In response to Stephen Crabb’s maiden speech as Secretary of State for Work and Pensions, Alison Garnham, Chief Executive, Child Poverty Action Group, said:
“This was a positive start from Stephen Crabb. We agree that DWP must treat people as human beings, living real lives, with all the change and complexity that involves. But a Government in the business of families must also look carefully at the impact its benefit cuts will have on families’ lives.
“The Secretary of State acknowledges that worklessness is now at an all-time low – the question he should now turn to is whether families are better off in work. In fact, almost two thirds of children in poverty having one or both parents in work. Universal Credit, which could have been a worthy tool for the ‘all-out assault on poverty’ that Crabb promises, has been crippled by repeated Treasury raids so that it will now leave people worse off than under the current system and ministers refuse to say what impact it will have on the number of people in poverty.

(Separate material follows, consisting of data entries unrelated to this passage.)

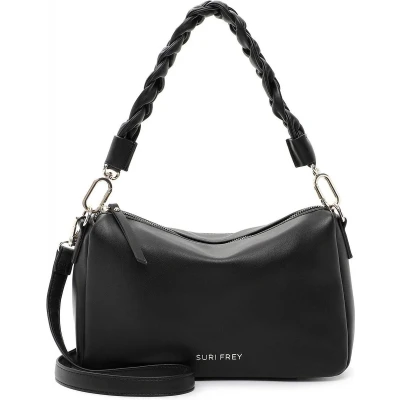 Afbeelding van SURI FREY Schoudertas Tiffany Handbag Black Zwart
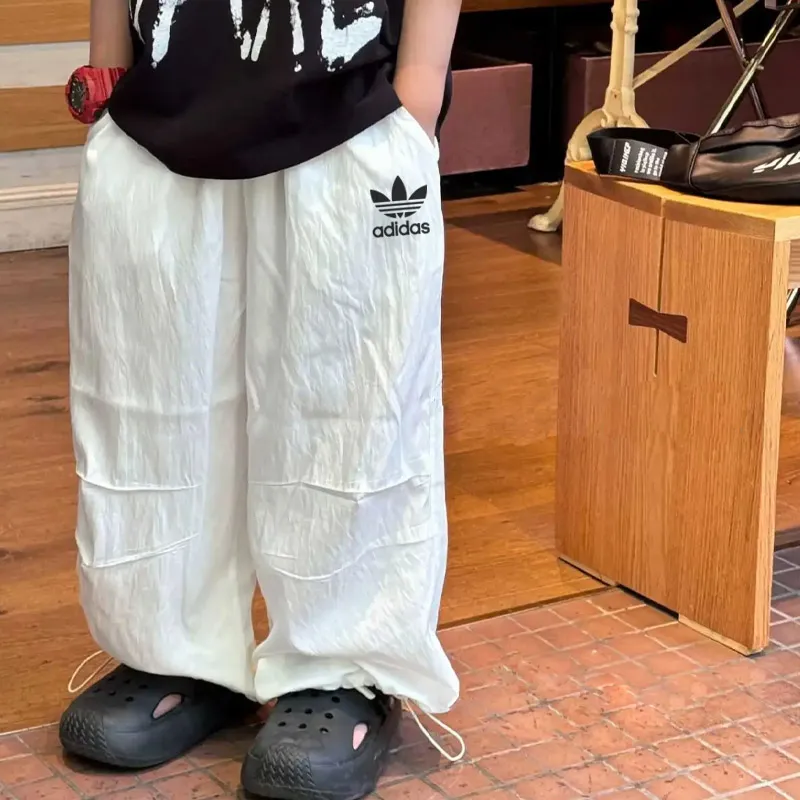 【100-150cm】絶対流行 新作 大活躍 カジュアル 動きやすさ抜群 ボトムス パンツ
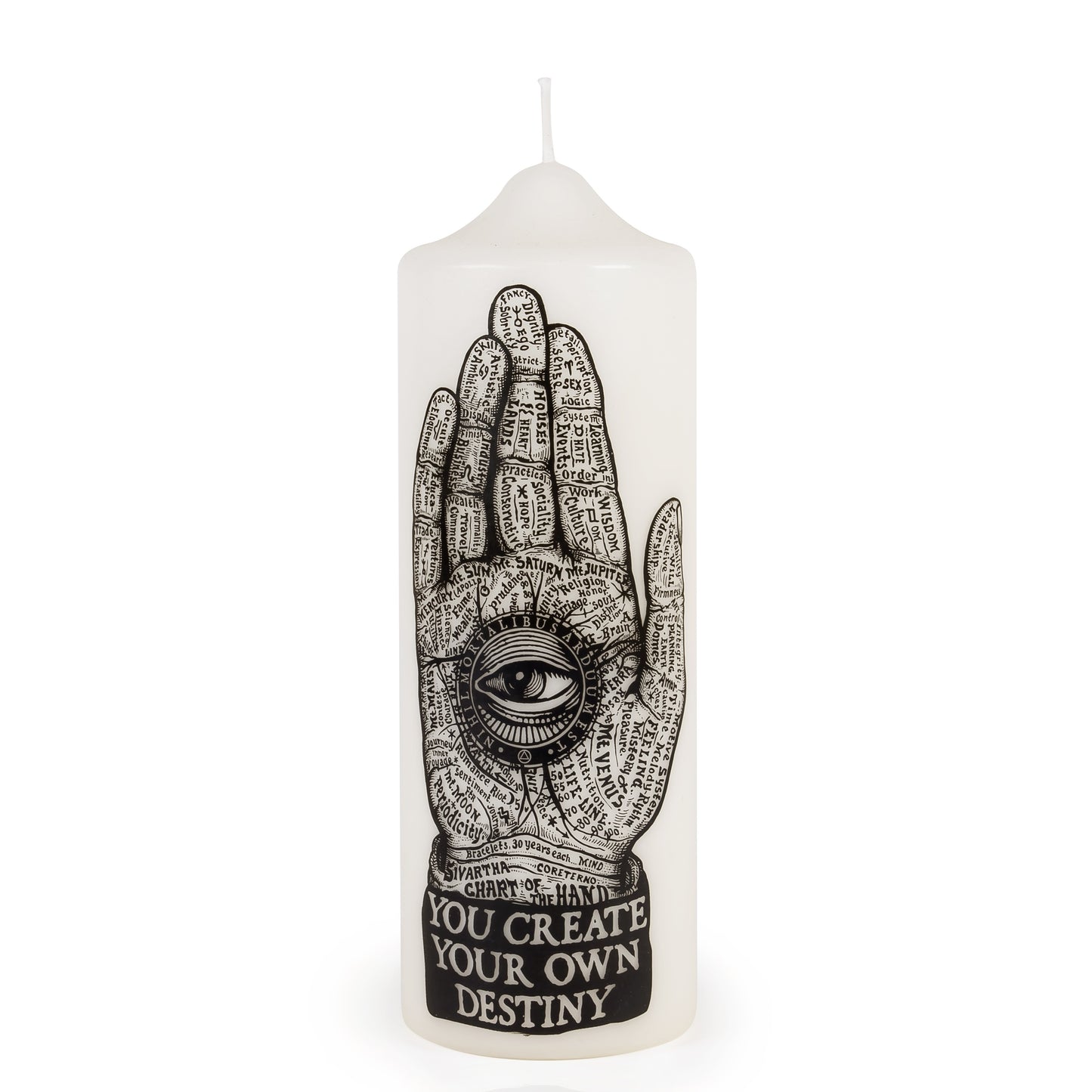 【CORETERNO】<br>ピラーキャンドル<br>PALMISTRY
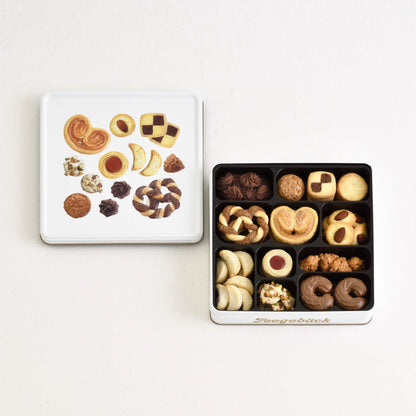 Juchheim 德式茶點什錦曲奇禮盒 7種口味 秋冬限定版 AW40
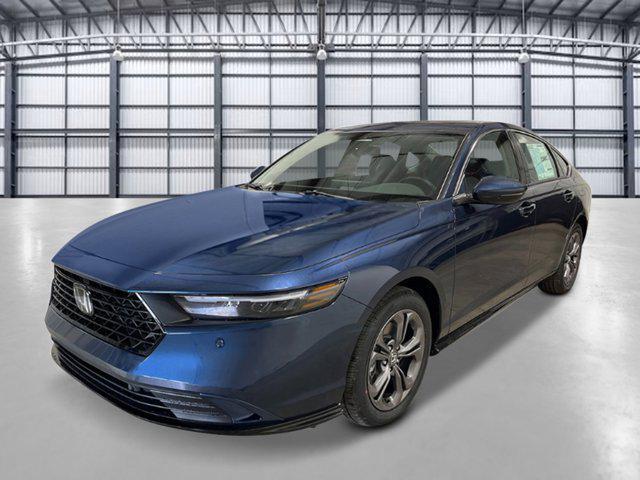 new 2025 Honda Accord Hybrid car, priced at $34,605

“What we now need is action to match the rhetoric – or else Stephen Crabb will be faced with the very real threat that this Government’s main social policy legacy could be the biggest rise in child poverty for a generation. The IFS projects child poverty will rise by half by 2020, from 2.3m to 3.6m children. A social security system that transforms lives is incomplete without a clear and adequately funded plan to tackle low pay, help parents with the costs of a child and to provide affordable homes.”